Por Nelson Francisco Muloni |
Elsa fue madre a los dieciséis años. En sus brazos de niña acunó
al hijo y en sus ojos, aún inocentes, soñó el mundo. A la misma edad, meses más
tarde del nacimiento del asombro de su vida, comenzó a trabajar. Agotaba sus
dedos en la máquina de escribir, apurándole el tiempo a su fatiga. Para dar.
Para dar más.
El permiso de todos los días a la misma hora para salir de
su trabajo y correr calle arriba al encuentro de su pequeño sostenido en los
brazos cálidos de su madre, la abuela condescendiente con la hija niña.
Llegaba hasta las escalinatas de ladrillos, con los senos explotándole
de leche para dar de mamar a su crío ansioso. Una escena inquietante.
Conmovedora. Vital. Madre. Abuela. Niño. Casi la vida plena en la leche que
elevaba el terciopelo del moho en los ladrillos hasta convertirlos en la tenue
felicidad de la mujer sentada con el pecho descubierto. La sombra de los
árboles mitigaba el sol cercano al mediodía.
El hijo creció y la madre niña con él. El corazón, las
lejanías, los felices retornos, los reencuentros con los abuelos envejecidos y
los tíos desandando sus propios rumbos. Y en cada comida en la vieja galería,
el recuerdo de aquellas escalinatas de ladrillos. La leche en plena estatura
del hijo. Luego, la venida de otro hijo. Los cielos, las montañas, los caminos.
Para aquí, para allá en los traslados del marido empobrecido.
Pero ella, ya mujer plena, puso sus manos a trabajar.
Muñecas, cuadros, vestidos, panes, empanadas o dulces. Todo era convertido en
sostén diario. Hubo enojos, claro. Y discusiones. Fuertes. Como fueron fuertes
las tristezas. Pero siempre la lucha. La de todos los instantes. Incluso, la de
la política y el afán de ver que, algún día, podrían ser realidad los sueños.

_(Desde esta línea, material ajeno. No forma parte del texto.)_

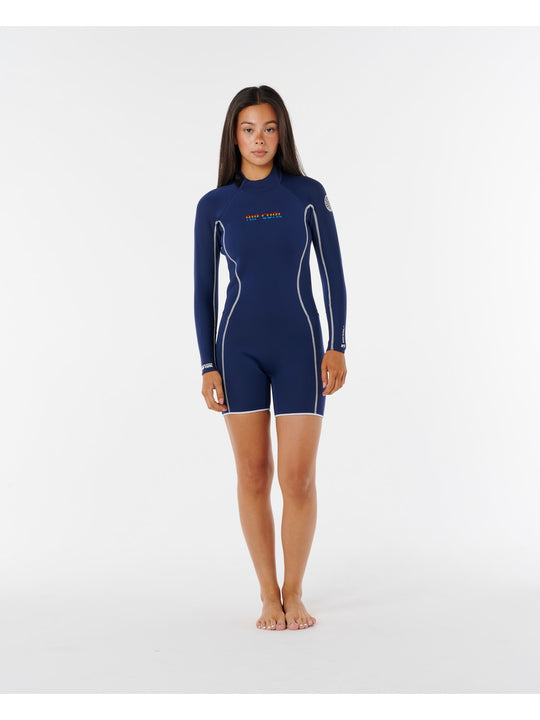 Pianka damska RIP CURL Sg Wms Dawn Patrol Bz Ls Spr 2 granatowa
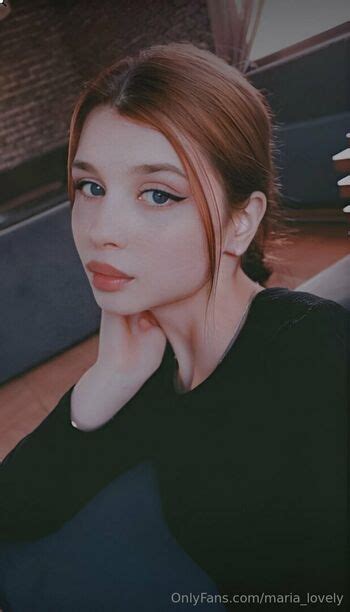 lovely_maria OnlyFans leaked content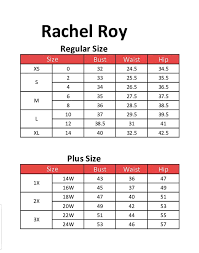 Rachel Roy Bell Sleeve Blouse Clothing Size Chart Black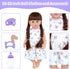 18INDC 16-22 Inch Baby Doll Carrier with Doll Accessories Doll Carrier for Kids, Reborn Doll Baby Carrier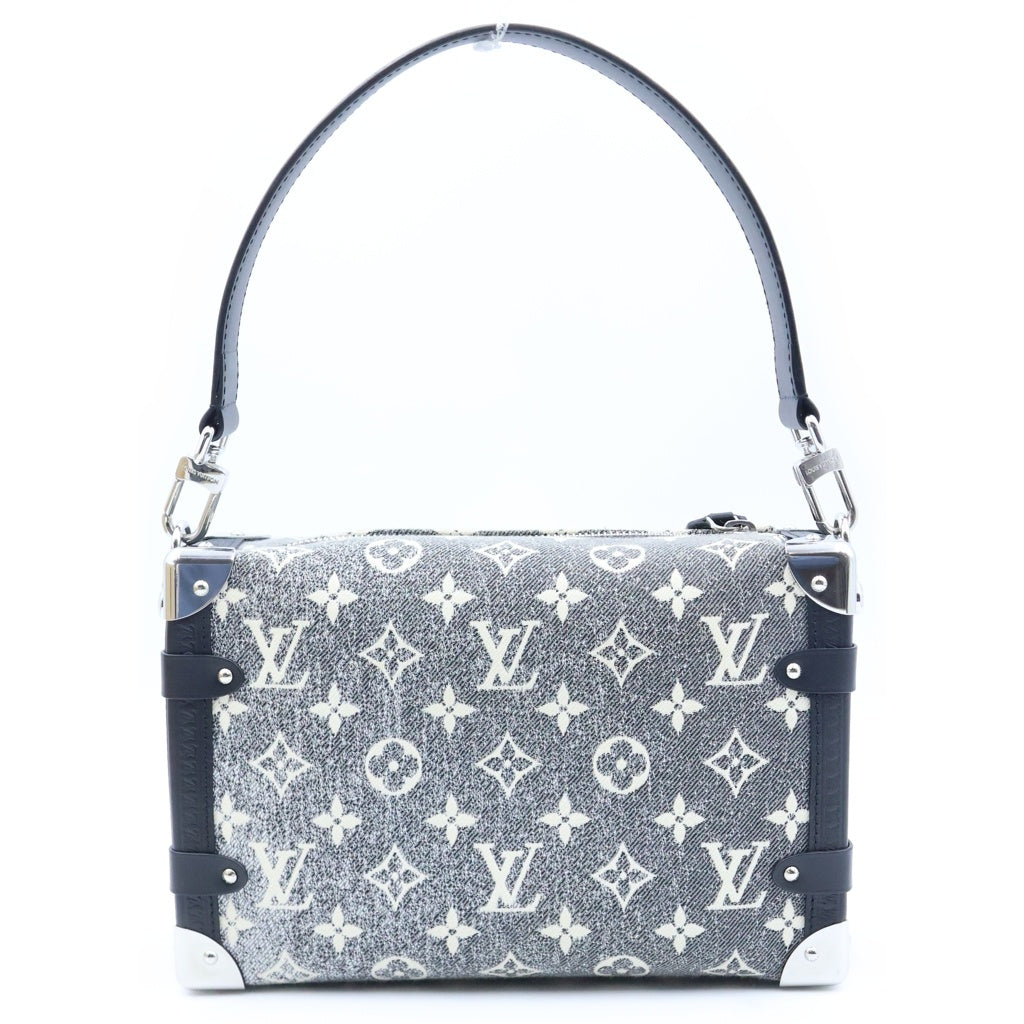 LOUIS VUITTON(ルイヴィトン) モノグラム・ジャガードデニム サイドトランク M21460 レディース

Después, vinieron los alejamientos. La nostalgia siempre
prendida a otras nostalgias enraizadas en la leche para el niño. Pero, el niño,
ya hombre, seguía su propia rosa de los vientos. Y le dio nietos con los que
volvió a su niñez de madre. Y también volvió a su hijo pequeño acunado en las
escalinatas que ya no existían.
Pero Elsa tuvo que irse. Enferma de lejanías. Con el cuerpo
vencido de tanta madurez niña. Con el recuerdo de los hijos. Como escribió de
ella el poeta Hugo Ovalle: “Doña Elsa Morón de Muloni se ha ido como se van
todas las buenas madres, sólo para andar con sus hijos en todas partes. Tan
sólo por eso, los hijos de su hijo, se abrazarán a ella cuando lo abracen y
besen a su padre, Nelson Francisco…”.